Há também quem alegue que “os softwares são pirateados porque são caros” e como eles são vendidos por preços altos para compensar, isso cria um círculo vicioso de injustiça, ilegalidade e oportunidades perdidas.
Será que existe alguma maneira de quebrar este ciclo, permitindo que os softwares sejam baratos ao mesmo tempo em que os fornecedores sejam adequadamente remunerados?
Me parece que a Apple conseguiu resolver o problema através do “ecossistema” criado em torno do iPhone/iPad e a loja de aplicativos. Um dos principais ingredientes é um sistema operacional razoavelmente “fechado”, onde o usuário não tem total controle sobre o que ocorre nele.

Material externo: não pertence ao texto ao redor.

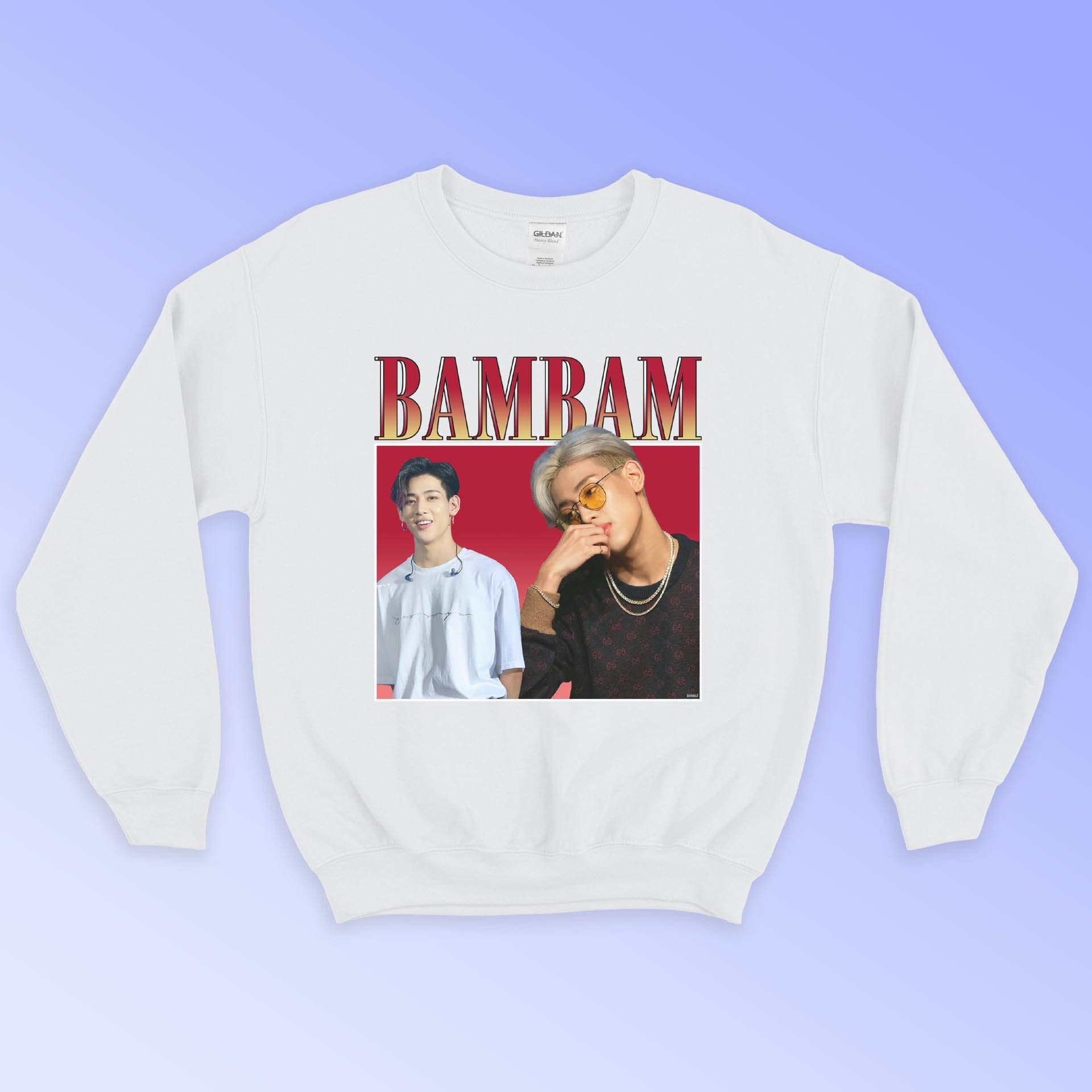Bambam Got7 Kpop Retro Sweatshirt - 90s Vintage Style Unisex T-shirt, Sweatshirt, Hoodie, Long Sleeve Tee - T-Shirt, Sweatshirt, Hoodie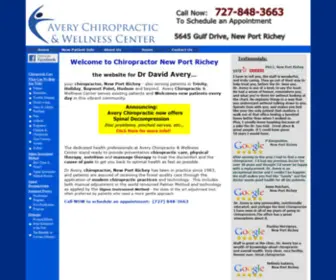 Chiropractornewportrichey.com(Avery Chiropractic & Wellness Center) Screenshot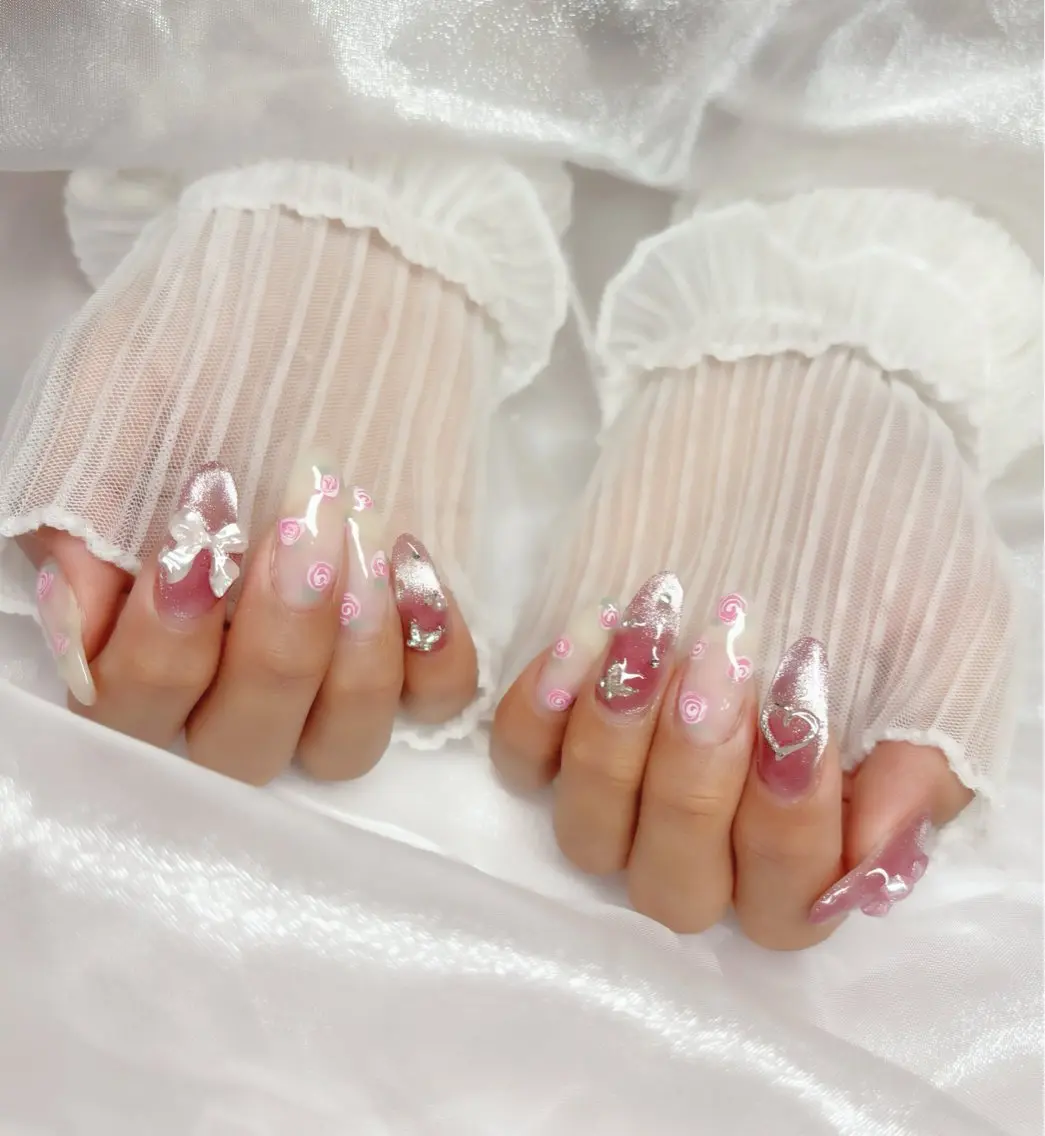 ネイル ピンク ハンドネイル Nail Salon macherieのネイルデザイン
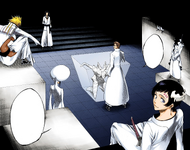 Sōsuke Aizen prepares to transform Wonderweiss into an Arrancar.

Possuir um dispositivo no qual você não tem total controle me parece a princípio uma ideia repulsiva. Se ele é meu, eu tenho que poder fazer o que eu quiser, não? No entanto, a vida não é feita de absolutos, precisamos pesar as vantagens e desvantagens. Se a maneira “fechada” permite que eu tenha acesso a mais softwares do que eu teria anteriormente pagando pouco e sem estar na ilegalidade, esta pode ser uma troca razoável.
Este modelo de negócio, até certo ponto controverso, foi lançado em meio às ondas de enorme sucesso comercial da Apple no iPhone e no iPad...e foi aceito sem maiores questionamentos. Até houve alguns problemas, como software impedidos de rodar na loja da Apple por razões arbitrárias ou mal explicadas, assim como disputas comercias com fornecedores de conteúdo que se recusaram a pagar comissão para conteúdos - não aplicativos - distribuídos diretamente para aplicativos baixados da loja. Entretanto, ter um dispositivo fechado, onde os aplicativos são mais controlados tem uma vantagem adicional: permite que eu tenha um dispositivo mais estável, com menos problemas de interações entre diferentes aplicativos, vírus e malware em geral.
Atualmente, o principal concorrente da Apple no mercado de Smartphones são os dispositivos baseados no Android, um sistema operacional bastante aberto. Comparando com o iPhone, podemos já observar que o mundo Android tem os usuais problemas de incompatibilidades de versões e instabilidades, além de recentemente ter sido invadido por uma torrente de virus e malware de todos os tipos.
A Microsoft tinha um modelo semelhante ao do Android na sua linha Windows Mobile. Esta linha foi recentemente substituída pelo Windows Phone 7, que tem um modelo fechado semelhante ao da Apple.
É com relutância então que sou obrigado a reconhecer que a maneira fechada talvez seja melhor para o mercado de consumidores finais, pessoas que não querem gastar tempo com suporte técnico para os seus aparelhos, que querem que eles simplesmente funcionem. No fundo, é o que a maioria das pessoas espera de eletrodomésticos, automóveis e outros produtos de consumo.
Como desenvolvedor de software, tenho ainda que agradecer às novas oportunidades de negócio abertas pelas lojas de aplicativos.